The military captured the intelligence officer, Ahmed Khalil Ibrahim Samir al-Ani, last week in Iraq, the officials said. Czech authorities said in the wake of the Sept. 11 attacks that al-Ani had met in Prague with hijacker Mohamed Atta in April 2001, but the FBI and the CIA later determined there was no evidence that Atta left the United States and traveled to or from the Czech Republic during the time he supposedly met with al-Ani.
Czech authorities, who initially told the Bush administration they believed al-Ani and Atta had met to plot the bombing of the Prague offices of Radio Free Europe and Radio Free Iraq, subsequently reported that they were no longer certain of the meeting.
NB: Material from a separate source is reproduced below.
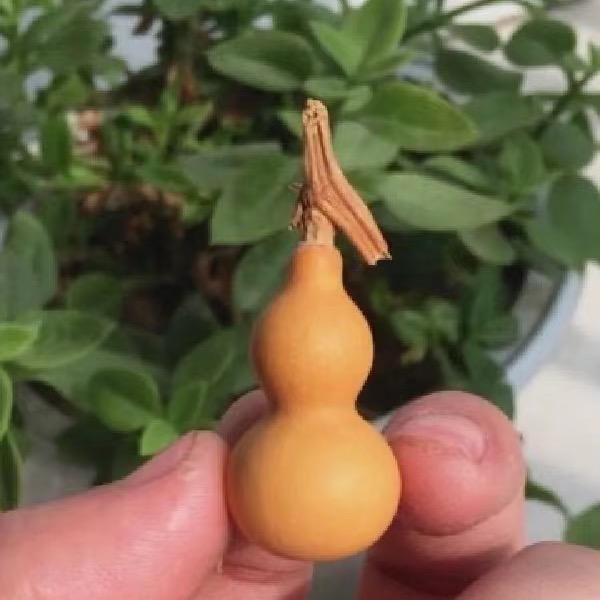 ༄༊࿆大道至简ཽ༤࿐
Still, al-Ani's capture and interrogation -- first reported last night by CBS News -- could shed new light on whether there was a connection between Iraq and al Qaeda, which is accused of carrying out the Sept. 11 attacks. President Bush, in making his case for war against Iraq, cited both Iraq's weapons of mass destruction and its alleged ties to terrorist groups, including al Qaeda.
Richard Perle, a member of the Pentagon's Defense Policy Board who has contended al Qaeda and Iraq are linked, said he is hopeful al-Ani's capture will lead to a corroboration of his stance.
"If he chose to, he could confirm the meeting with Atta," Perle said. "It would be nice to see that laid to rest. There's a lot he could tell us."
"Of course, a lot depends on who is doing the interrogating," said Perle, adding he fears that if it were the CIA, it could skew the interrogation so as to play down evidence that the alleged meeting with Atta occurred.
After poring over travel records, the agency said it could find no evidence that the meeting occurred. Perle, a longtime agency critic, has said CIA officials failed to give proper weight to the evidence that the pair met.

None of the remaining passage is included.